I was staring at you from my window across the quad. I wanted to let you know so it's not creepy
Sorry you had to hear me puke. I didn't know I called you. Was it graceful?
no. i just ate a whole thing of hot dogs. me and regret are sleepng alone tonigh.
The cops caught them pow wowing in the teepee at the entrance of the golf course at 5 am. But were still missing someone.
A three fingered guy just showed up with fireworks and bourbon, tonight will be entertaining.
You can't find true love with Budweiser and a futon
I hate that you live in a gated community. I feel your guard judges me every time I go to your house at 3 am an leave at 5am
It was right before we played jenga with champagne glasses for a good half hour
I had mdma, weed, and alcohol in my system. My doctor seems to think that's how I tore my groin.
I'm pretty sure he's playing the harmonica in my shower right now. I just really need to pee.
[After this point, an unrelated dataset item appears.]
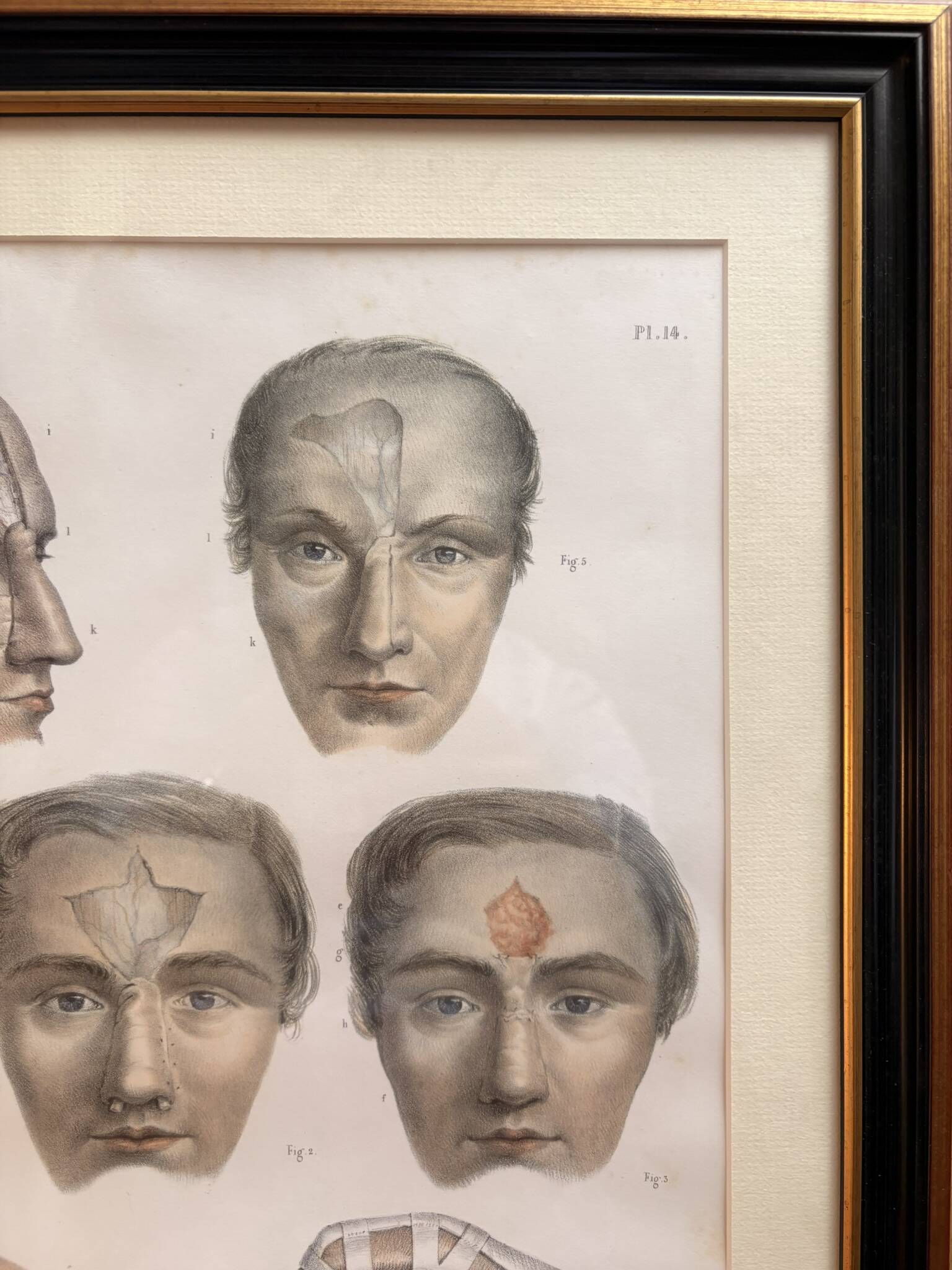 Gravure Plastic Surgery Rhinoplasty NICOLAS Jacob Bourgery Anatomy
My dad's girlfriend is driving through the snow to bring me my purple haze. If he doesn't wife her up, we have a bigger issue on our hands.
While strippers were eating ones out of my boobs, several sources claimed trump shared classified info with the russians. We should get hammered on Mondays more often, bitch.
it’s my vagina i can do what i want to
I was pretty pissed in the morning when I realized he had fucked the fake tattoo right off my chest.
am i the only one who finds it a little awkward seeing as we all made out last night?